NOACH

Posted on outubro 25, 2022

NOACH

A Coragem de Viver com a Incerteza

Para cada um de nós existem marcos em nossa jornada espiritual que mudam a direção de nossa vida e nos colocam em um novo caminho. Para mim, um desses momentos veio quando eu era um estudante rabínico no Jewish’s College e, portanto, tive o privilégio de estudar com um dos grandes estudiosos rabínicos do nosso tempo, o rabino Dr. Nachum Rabinovitch zt’l .

Ele era um gigante: um dos mais profundos eruditos maimonídeos da era moderna, tão à vontade com praticamente todas as disciplinas seculares quanto com toda a literatura rabínica, e um dos mais ousados ​​e independentes do poskim, como mostram seus vários volumes publicados de Responsa. Ele também mostrou o que era ter coragem espiritual e intelectual, e isso em nosso tempo se provou, infelizmente, muito raro.

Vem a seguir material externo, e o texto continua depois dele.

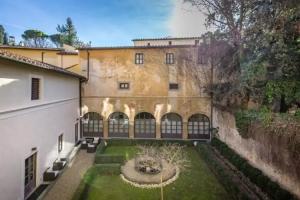 Hotel La Scaletta al Ponte Vecchio, Florence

A ocasião não era especial. Ele estava apenas nos dando um de suas aulas regulares da Torá. A semana foi parashá Noach. Mas o midrash que ele citou para nós foi extraordinário. Na verdade, é bem difícil de encontrar. Ele aparece no livro conhecido como Tanchuma de Buber, publicado em 1885 pelo avô de Martin Buber, Shlomo, a partir de manuscritos antigos. É um texto muito antigo – alguns dizem que já no século V – e tem alguma sobreposição com um antigo midrash do qual não temos mais o texto completo conhecido como Midrash Yelamdenu.

O texto está dividido em duas partes e é um comentário sobre as palavras de D-s a Noach: “Então D-s disse a Noach: ‘Sai da arca’”. (Gn 8:16) Sobre isso, o Midrash diz:

Noach disse a si mesmo: “Já que só entrei na Arca com permissão (de D-s), devo sair sem permissão?” O Santo abençoado seja Ele disse, para ele: “Você está procurando permissão? Nesse caso, eu lhe dou permissão.” Então D-s disse a Noach: “Saia da arca”.

O Midrash então acrescenta:

‘Disse Rabi Judah bar Ilai, “Se eu estivesse lá, eu teria derrubado [as portas da] Arca e me retirado dela.’” [1]

A moral que o Rabino Rabinovitch desenhou – na verdade a única possível – foi que quando se trata de reconstruir um mundo despedaçado, você não espera por permissão. D-s nos dá permissão. Ele espera que avancemos.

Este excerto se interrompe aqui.